Even if the latest impasse is broken and a deal is reached with creditors soon, few believe that in a country of weak governance and institutions it will be easy to enforce. Political turbulence will almost certainly beckon; the prospect of "Grexit" will grow.
Italy. A few months ago the centrist president, Matteo Renzi, resigned after losing a referendum (don't bother with the details, they were never very interesting and in any event have been overtaken by events), making a new election necessary. There was a chance that Renzi would be returned to office, which would reset the clock on Italy's inevitable descent into Greek-style chaos. But yesterday he resigned, throwing the upcoming elections into disarray and opening the door to eurosceptic populists. Combine political turmoil with a moribund banking system and Italy becomes a prime candidate for Big European Crisis of 2017.
Italy's Renzi resigns as party leader, in tussle over how to counter rise of 5 Star
(MarketWatch) – Italy's governing center-left Democratic Party was locked in a fierce battle Sunday over the best way to pull the country's economy out of the doldrums and blunt the momentum of antiestablishment politicians—as mainstream politicians across the Continent struggle to come up with winning strategies in a year of major elections across the European Union.
Former Prime Minister Matteo Renzi, who resigned as premier after losing a referendum vote on constitutional changes in December, formally stepped down as leader of the party after facing sharp criticism for his inability to stem the mounting popularity of the rival 5 Star Movement, a euroskeptic party that wants Italians to have a national vote on whether to leave the eurozone.
5 Star, which opposed Renzi's proposals in the plebiscite, and the Democrats are running neck-and-neck in public-opinion polls. Both parties have pushed for fresh parliamentary elections this year. The country is now being run by a caretaker administration.
France. Each new immigration horror story adds a bit to the popularity of the anti-immigration National Front, and increases the odds that party leader Marine Le Pen makes a strong showing in upcoming elections. The odds are still against her actually winning, but as the polls tighten, French bonds are sold off by nervous traders, widening the spread between French and German yields. A widening yield is a sign of approaching trouble:
Political Turmoil Returns To Europe: French-German Spread Blows Out
(Zero Hedge) – European political fears have returned this morning, leading to a blow out in French government bond yields, pushing the 10y yield now higher by 5bps and 5y up 8bps, as early losses extend after latest poll shows support for anti-euro presidential candidate Marine Le Pen rising
As a result, the French-German 10Y govt spread has jumped to 85 bps, following an accelerated selloff, to the widest level since July 2012.

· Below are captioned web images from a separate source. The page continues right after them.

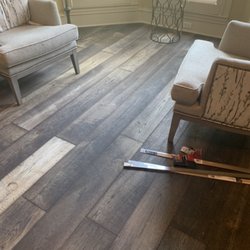 Juan Galaviz Remodeling - Wood floor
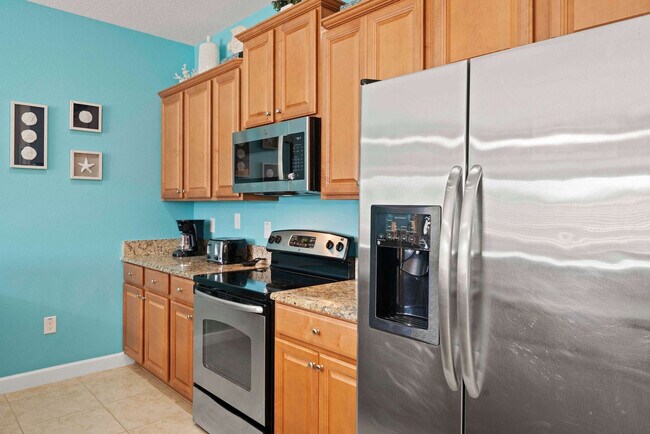 3059 Beach Palm Ave unit ID1038614P, Kissimmee, FL 34747 - photo 6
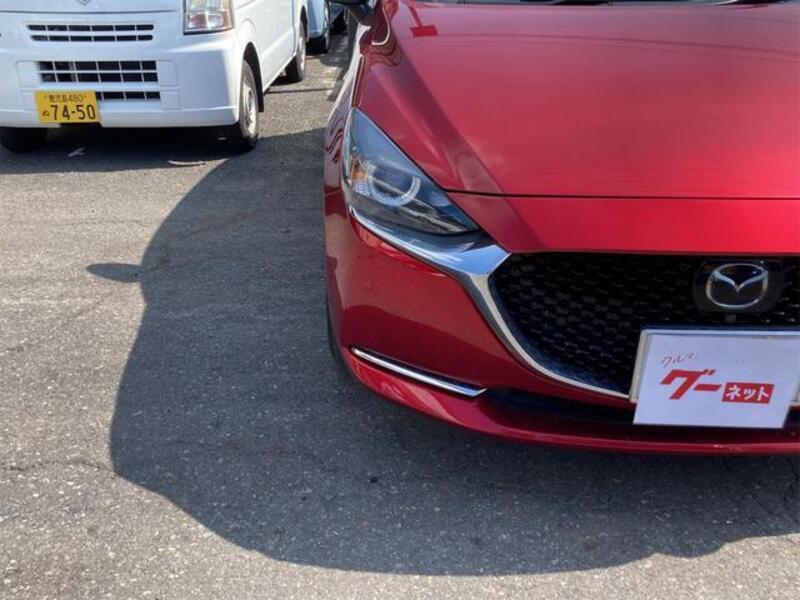 MAZDA2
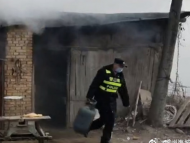 亳州一老人抽烟随手丢烟头 把自家房屋引燃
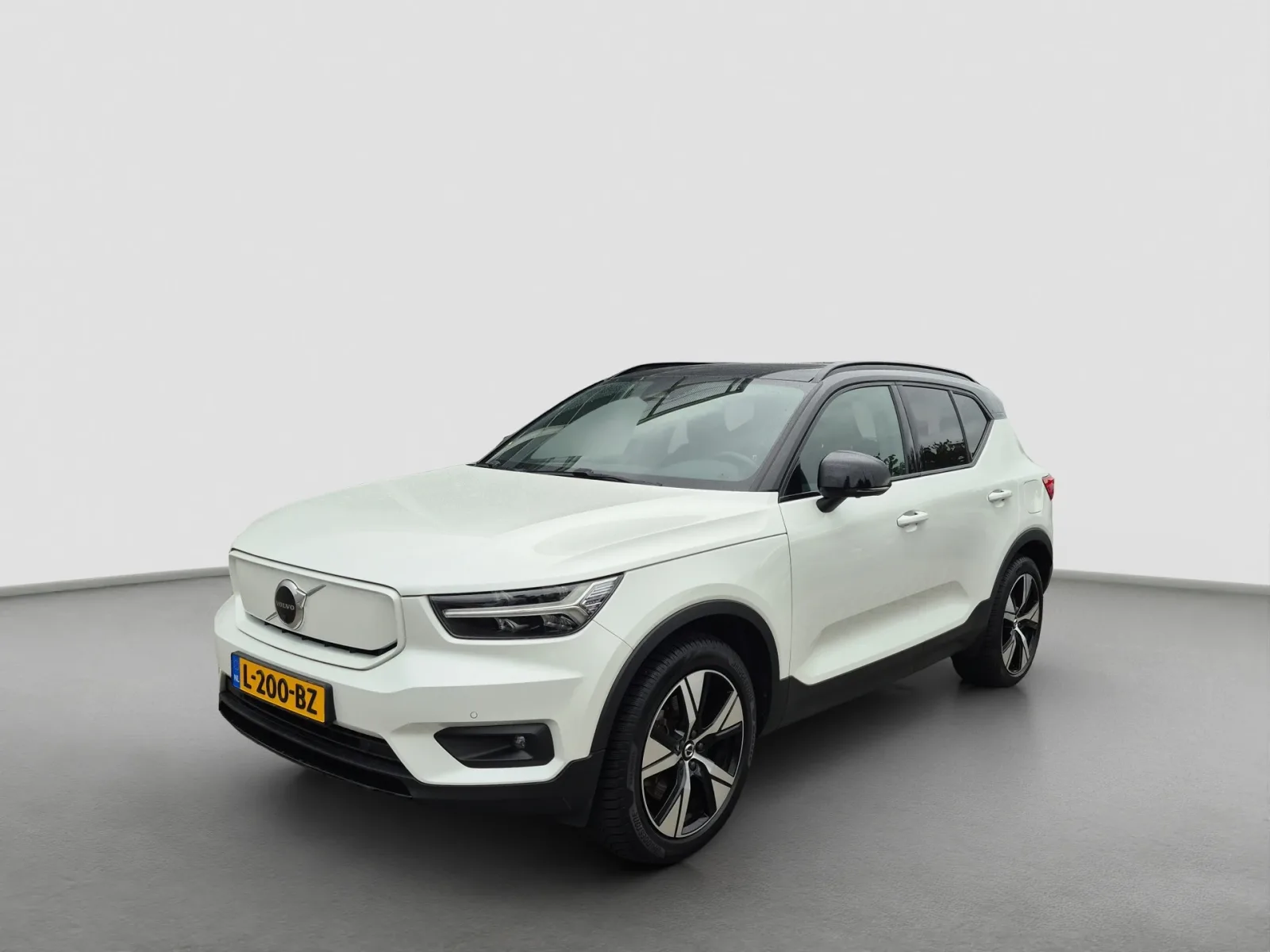 Volvo XC40 (2021) — foto 1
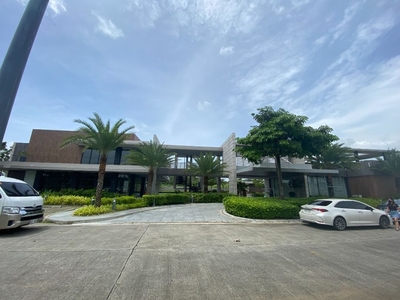 FOR SALE The Enclave Alabang on Carousell
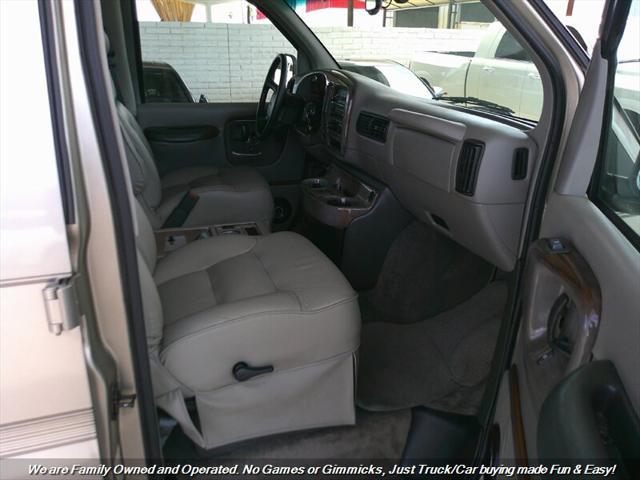 used 2002 GMC Savana 1500 car, priced at $14,995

And those are just the front-burner problems. The Dutch are also holding general elections next month in which their version of Donald Trump will likely be the leading vote-getter. Germany has two elections this year, and opposition parties are gaining on Chancellor Angela Merkel. So there will be no shortage of scary headlines from the Continent going forward.
Why should non-Europeans care about any of this? Because the EU is the biggest economic entity on the planet and the euro is the second most widely-held currency. Turmoil there means turmoil everywhere else, though the form is hard to predict. A euro crisis might send terrified capital into US stocks and bonds, extending the bull market in domestic financial assets – and making the current US administration look like a bunch of geniuses. Or it could spook capital out of financial assets altogether, crashing stocks and bonds while boosting the price of real things like farmland, solar farms and precious metals. Or it could buoy all US assets, with "anywhere but Europe" becoming the dominant investment theme for a while.
OR the ECB could try to paper over the mess by devaluing the euro even further, setting off a trade war with the US, Japan and China, all of whom need weaker not stronger currencies to hide their own financial mismanagement.